Как-то одна женщина мне сказала:
– Какая ты счастливая, тебе все нравится!
И это ее объяснение неожиданно открыло мне, что любить этот мир, людей, себя – это и есть счастье, и это было не проходящим моим состоянием. Даже если были неудачи, грустные моменты, беда, горе, я старалась найти причину и устранить это, если в моих силах или смириться, если так будет легче. Всегда анализировала свои поступки, когда что-то не получалось. У меня всегда был какой-то прямо таки спортивный интерес решить любую проблему, найти выход там, где его не видят. Постепенно это стало привычкой, и от этого было легче жить.
Усть-Каменогорские учителя по архитектуре были бывшими аспирантами МАРХИ. Молодые и талантливые, они учили студентов постигать истоки архитектуры от Витрувия и Палладио. Мы изучали правило Золотого сечения, ордера и капители, рисовать которые на ватмане, натянутом на подрамники, было первым нашим проектом. Мы все были влюблены в свою будущую профессию архитектора.

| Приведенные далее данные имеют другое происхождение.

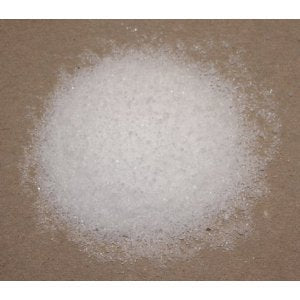 Alpha Chemicals Urea 46-0-0 fertilizer-grade bag suitable for bulk uses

После первого курса у нас была месячная практика в Ленинграде в Зимнем дворце, где проводились реставрационные работы, была масса экскурсий по архитектурным достопримечательностям Ленинграда и его окрестностей.

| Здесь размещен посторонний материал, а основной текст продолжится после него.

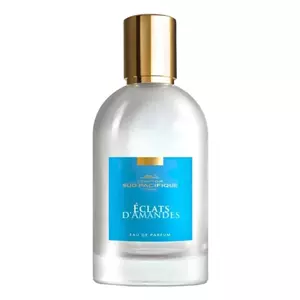 Comptoir Sud Pacifique Eclats D'Amandes - Интернет-магазин. Kalinka-parfum.ru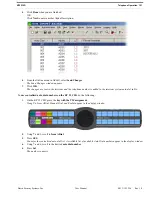 Предварительный просмотр 161 страницы RTS DKP 16 CLD User Manual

А потом нашу группу перевели в Алма-Ату, так как руководство Казахстана решило, что архитекторов надо непременно учить в столице. Был вариант поехать учиться в Москву в МАРХИ, но я отказалась, меня привлекала экзотическая знойная Азия.
В Алма-Ате архитекторов-первокурсников не учили правилам Золотого сечения, они не знали Палладио и Витрувия., а в Усть-Каменогорске мы прикоснулись к древним знаниям, чтобы научиться любить архитектуру трепетно, как искусство. Я считаю ее законодательницей всего. Ну, это же очевидно – если в архитектуре барокко, или что-то другое, то оно везде. Сразу же мода, одежда, мебель, музыка, танцы – соответствующие.

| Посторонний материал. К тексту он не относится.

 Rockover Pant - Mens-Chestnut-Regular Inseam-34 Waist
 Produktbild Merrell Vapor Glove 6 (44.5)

Преподаватель истории архитектуры всеми любимый Юрий Богданович Туманян обращал особое внимание при изучении двадцатого века на Щусева, Леонидова, на русский конструктивизм, Корбюзье, Оскара Нимейера, Мисс ван дер Роэ, Кендзо Танге – прекрасных архитекторов. Но это был суховатый конструктивизм, и мимо нашего сознания промелькнул прекрасный русский самоучка-архитектор Федор Шехтель. Я открыла его уже позже, и буквально влюбилась в этого талантливого мастера русской архитектуры. Его отношение к внесению в архитектуру элементов декора истинно русского направления, делающих фасады и интерьеры особо привлекательными, неповторимыми и сказочно красивыми, было необыкновенным вкладом в национальную архитектуру России. Новая коммунистическая власть после революции предала его забвению, отстранив гениального творца от любимой работы. Федора Шехтеля постигла судьба многих талантливых людей России, он умер в нищете, а вместе с ним похоронили на долгие десятилетия и его сказочные идеи Русского ренессанса.